| name | workspace-cleaner |
| description | Clean up temporary files and old todo lists from the workspace to maintain organization. Use this skill when the user mentions cleaning up files, removing temporary reports, clearing old todo lists, or organizing the workspace. Also use proactively when you notice accumulated reports-*.md files or old .todos.json files that are no longer needed. |
Workspace Cleaner
A skill for maintaining a clean and organized workspace by removing temporary files generated by the summarization middleware and old todo list files from completed work.
Purpose
The workspace can accumulate temporary files over time:
- Summarization reports: Files matching
reports-*.md pattern created by the summarization middleware
- Old todo lists: Files matching
*.todos.json pattern from past completed work
These files can cause confusion during future research sessions and clutter the workspace. This skill provides a systematic way to identify and remove them.
When to Use This Skill
Use this skill when:
- The user explicitly asks to clean up the workspace
- The user mentions removing temporary files or reports
- The user wants to clear old todo lists from past work
- You notice accumulated
reports-*.md files in the root directory
- You see multiple
.todos.json files that are no longer active
- Before starting a new major task to ensure a clean workspace
Workflow
Step 1: Identify Files to Clean
First, scan the workspace to identify temporary files:
-
List root directory files:
Use ls tool on "." to see all files in the root
-
Identify summarization reports:
- Files matching pattern:
reports-*.md
- These are auto-generated by the summarization middleware
- Safe to delete as they are temporary artifacts
-
Identify old todo lists:
- Files matching pattern:
*.todos.json
- Check if they are from completed work (no active tasks)
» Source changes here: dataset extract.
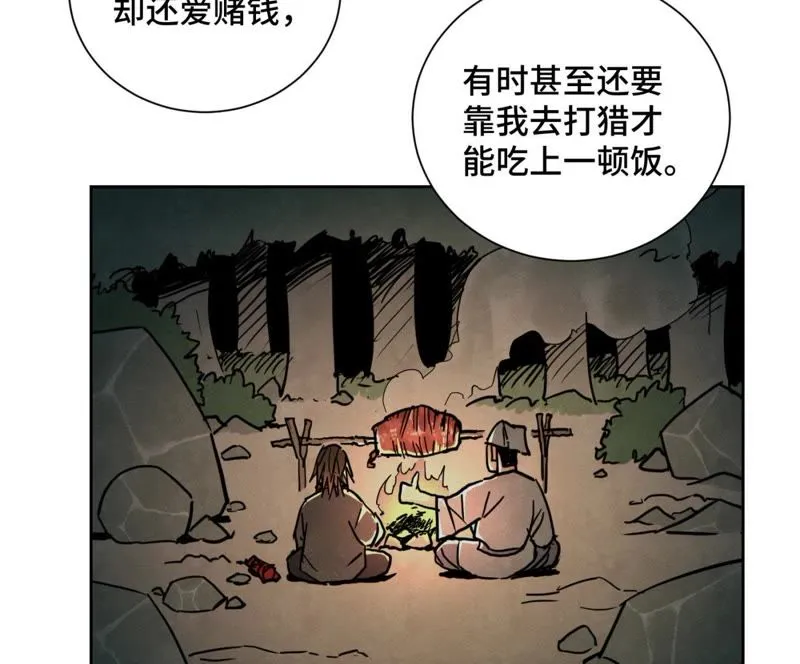 第48话 文盲的过去 第6页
- Keep active todo lists, delete completed ones
Step 2: Confirm with User
Before deleting files, always confirm with the user:
I found the following files to clean up:
- X summarization reports (reports-*.md files)
- Y old todo lists (*.todos.json files)
Would you like me to:
1. Delete all of them
2. Delete only the reports
3. Delete only the todo lists
4. Review each file before deletion
5. Cancel
Step 3: Execute Cleanup
Based on user confirmation, use the delete_file tool to remove the identified files:
Use delete_file tool for each file to remove
Important:
- Never delete files inside the
skills/ directory
- Never delete files the user is currently working with
- Always get confirmation before deletion
Step 4: Report Results
After cleanup, provide a summary:
Cleanup complete! Removed:
- X summarization reports
- Y old todo lists
The workspace is now organized and ready for new work.
File Patterns Reference
| Pattern | Description | Safe to Delete |
|---|
reports-*.md | Summarization middleware output | ✅ Always |
*.todos.json | Todo list files | ⚠️ If completed |
research/** | Research output files | ❌ Ask user first |
sandbox-files/** | Sandbox exports | ❌ Ask user first |
Edge Cases
Active Todo Lists
If a .todos.json file has tasks with status pending or in_progress, it's still active. Either:
- Skip it from deletion
- Ask the user if they want to archive it
Research Files
Files in the research/ folder may contain valuable research. Do not delete without explicit user request.
Sandbox Files
Files in sandbox-files/ are exports from sandbox work. Do not delete without explicit user request.
Examples
Example 1: User asks to clean up
User: "Clean up my workspace"
Assistant:
1. Scans root directory
2. Finds 5 reports-*.md files and 2 old .todos.json files
3. Confirms with user
4. Deletes confirmed files
5. Reports results
Example 2: User mentions temporary files
User: "Remove those temporary report files"
Assistant:
1. Identifies reports-*.md files
2. Confirms the specific files
3. Deletes them
4. Reports results
Example 3: Proactive cleanup
Assistant notices 10+ reports-*.md files while working
Assistant: "I notice there are 10 summarization reports in the workspace.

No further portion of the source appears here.